(DATA FOR PROCESSING begins)

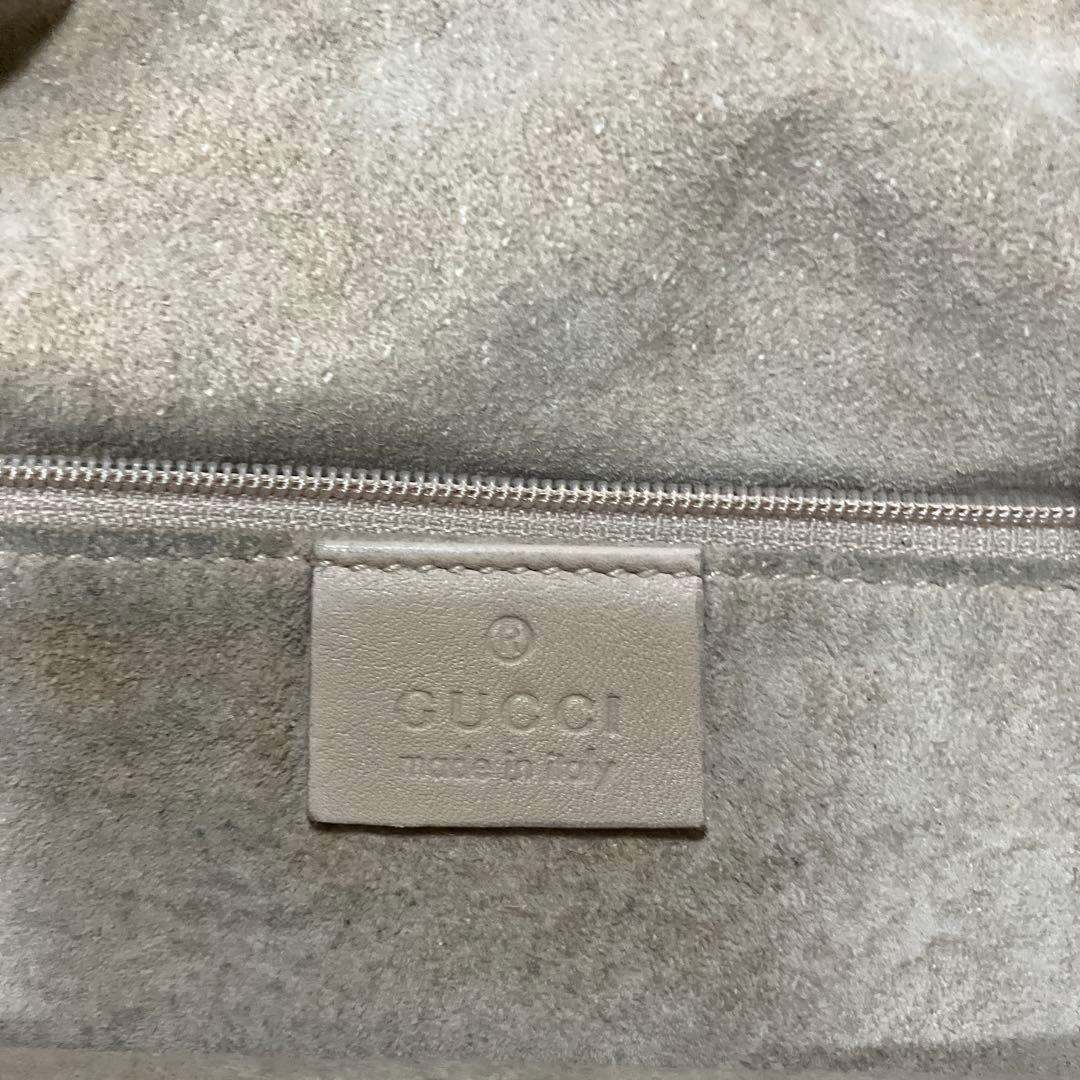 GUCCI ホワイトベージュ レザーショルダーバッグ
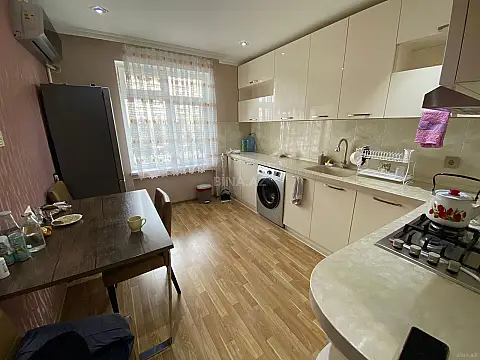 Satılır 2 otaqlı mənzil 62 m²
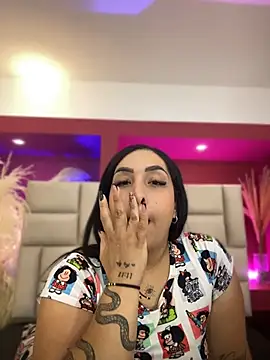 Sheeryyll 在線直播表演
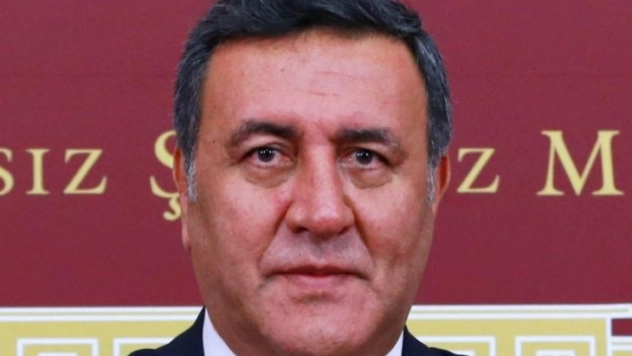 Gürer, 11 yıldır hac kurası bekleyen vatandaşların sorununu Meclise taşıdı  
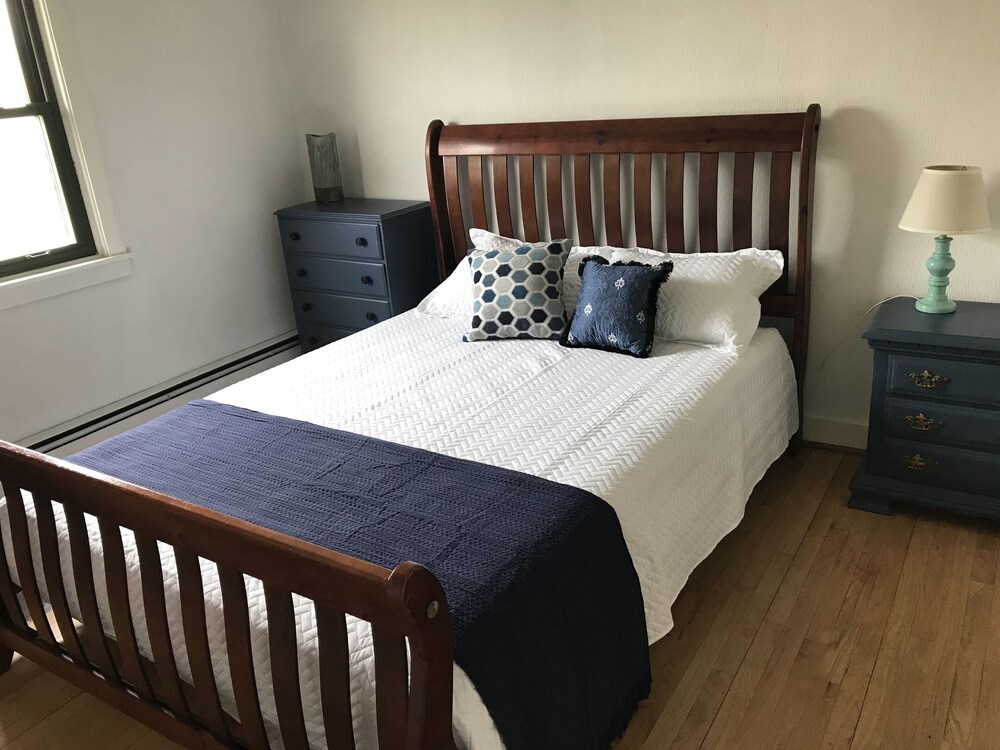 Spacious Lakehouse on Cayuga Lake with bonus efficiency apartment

(DATA FOR PROCESSING ends)

PROBLEM DETAILS. Everything in the entries above, apart from the images, should be printed exactly.

EXERCISE SOLUTION.
 GUCCI ホワイトベージュ レザーショルダーバッグ
 Satılır 2 otaqlı mənzil 62 m²
 Sheeryyll 在線直播表演
 Gürer, 11 yıldır hac kurası bekleyen vatandaşların sorununu Meclise taşıdı  
 Spacious Lakehouse on Cayuga Lake with bonus efficiency apartment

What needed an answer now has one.